Interact with Apache Iceberg tables using Amazon Athena and cross account fine-grained permissions using AWS Lake Formation

We recently announced support for AWS Lake Formation fine-grained access control policies in Amazon Athena queries for data stored in any supported file format using table formats such as Apache Iceberg, Apache Hudi and Apache Hive. AWS Lake Formation allows you to define and enforce database, table, and column-level access policies to query Iceberg tables stored in Amazon S3. Lake Formation provides an authorization and governance layer on data stored in Amazon S3. This capability requires that you upgrade to Athena engine version 3.

Large organizations often have lines of businesses (LoBs) that operate with autonomy in managing their business data. It makes sharing data across LoBs non-trivial. These organizations have adopted a federated model, with each LoB having the autonomy to make decisions on their data. They use the publisher/consumer model with a centralized governance layer that is used to enforce access controls. If you are interested in learning more about data mesh architecture, visit Design a data mesh architecture using AWS Lake Formation and AWS Glue. With Athena engine version 3, customers can use the same fine-grained controls for open data frameworks such as Apache Iceberg, Apache Hudi, and Apache Hive.

In this post, we deep dive into a use-case where you have a producer/consumer model with data sharing enabled to give restricted access to an Apache Iceberg table that the consumer can query. We’ll discuss column filtering to restrict certain rows, filtering to restrict column level access, schema evolution, and time travel.

Solution overview

To illustrate the functionality of fine-grained permissions for Apache Iceberg tables with Athena and Lake Formation, we set up the following components:

In the producer account:
- An AWS Glue Data Catalog to register the schema of a table in Apache Iceberg format
- Lake Formation to provide fine-grained access to the consumer account
- Athena to verify data from the producer account
In the consumer account:
- AWS Resource Access Manager (AWS RAM) to create a handshake between the producer Data Catalog and consumer
- Lake Formation to provide fine-grained access to the consumer account
- Athena to verify data from producer account

The following diagram illustrates the architecture.

Prerequisites

Before you get started, make sure you have the following:

Two AWS accounts, one will act as a producer and other as a consumer
An understanding of AWS LakeFormation and a user that can act as a Lake Formation admin
An AWS Identity and Access Management (IAM) role with permissions to create S3 buckets, AWS Glue data catalog, AWS Resource Access Manager, and run SQL queries using Amazon Athena (see Adding and removing IAM identity permissions for reference)
Any workgroup with Athena engine version 3. For this blog our “primary” workgroup is using Athena engine version 3.

Data producer setup

In this section, we present the steps to set up the data producer.

Create an S3 bucket to store the table data

We create a new S3 bucket to save the data for the table:

On the Amazon S3 console, create an S3 bucket with unique name (for this post, we use iceberg-athena-lakeformation-blog).
Create the producer folder inside the bucket to use for the table.

Register the S3 path storing the table using Lake Formation

We register the S3 full path in Lake Formation:

Navigate to the Lake Formation console.
If you’re logging in for the first time, you’re prompted to create an admin user.
In the navigation pane, under Register and ingest, choose Data lake locations.
Choose Register location, and provide the S3 bucket path that you created earlier.
Choose AWSServiceRoleForLakeFormationDataAccess for IAM role.

For additional information about roles, refer to Requirements for roles used to register locations.

If you enabled encryption of your S3 bucket, you have to provide permissions for Lake Formation to perform encryption and decryption operations.
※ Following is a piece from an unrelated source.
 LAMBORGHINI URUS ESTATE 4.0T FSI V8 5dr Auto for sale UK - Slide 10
Refer to Registering an encrypted Amazon S3 location for guidance.

Choose Register location.

Create an Iceberg table using Athena

Now let’s create the table using Athena backed by Apache Iceberg format:

On the Athena console, choose Query editor in the navigation pane.
If you’re using Athena for the first time, under Settings, choose Manage and enter the S3 bucket location that you created earlier (iceberg-athena-lakeformation-blog/producer).
Choose Save.
In the query editor, enter the following query (replace the location with the S3 bucket that you registered with Lake Formation). Note that we use the default database, but you can use any other database.
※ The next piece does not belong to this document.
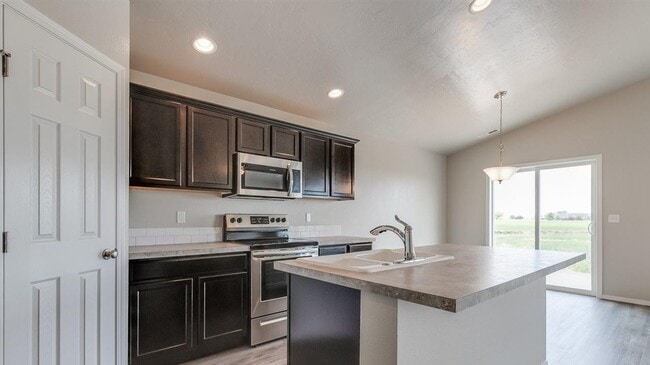 17655 N Newdale Ave in Nampa, ID - Building Photo - Building Photo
CREATE TABLE consumer_iceberg (
customerid bigint,
customername string,
email string,
city string,
country string,
territory string,
contactfirstname string,
contactlastname string)
LOCATION 's3://YOUR-BUCKET/producer/' -- *** Change bucket name to your bucket***
TBLPROPERTIES ('table_type'='ICEBERG')

Choose Run.

Share the table with the consumer account

To illustrate functionality, we implement the following scenarios:

Provide access to selected columns
Provide access to selected rows based on a filter

Complete the following steps:

On the Lake Formation console, in the navigation pane under Data catalog, choose Data filters.
Choose Create new filter.
For Data filter name, enter blog_data_filter.
For Target database, enter lf-demo-db.
For Target table, enter consumer_iceberg.
For Column-level access, select Include columns.
Choose the columns to share with the consumer: country, address, contactfirstname, city, customerid, and customername.
For Row filter expression, enter the filter country='France'.
Choose Create filter.

create data filter

Now let’s grant access to the consumer account on the consumer_iceberg table.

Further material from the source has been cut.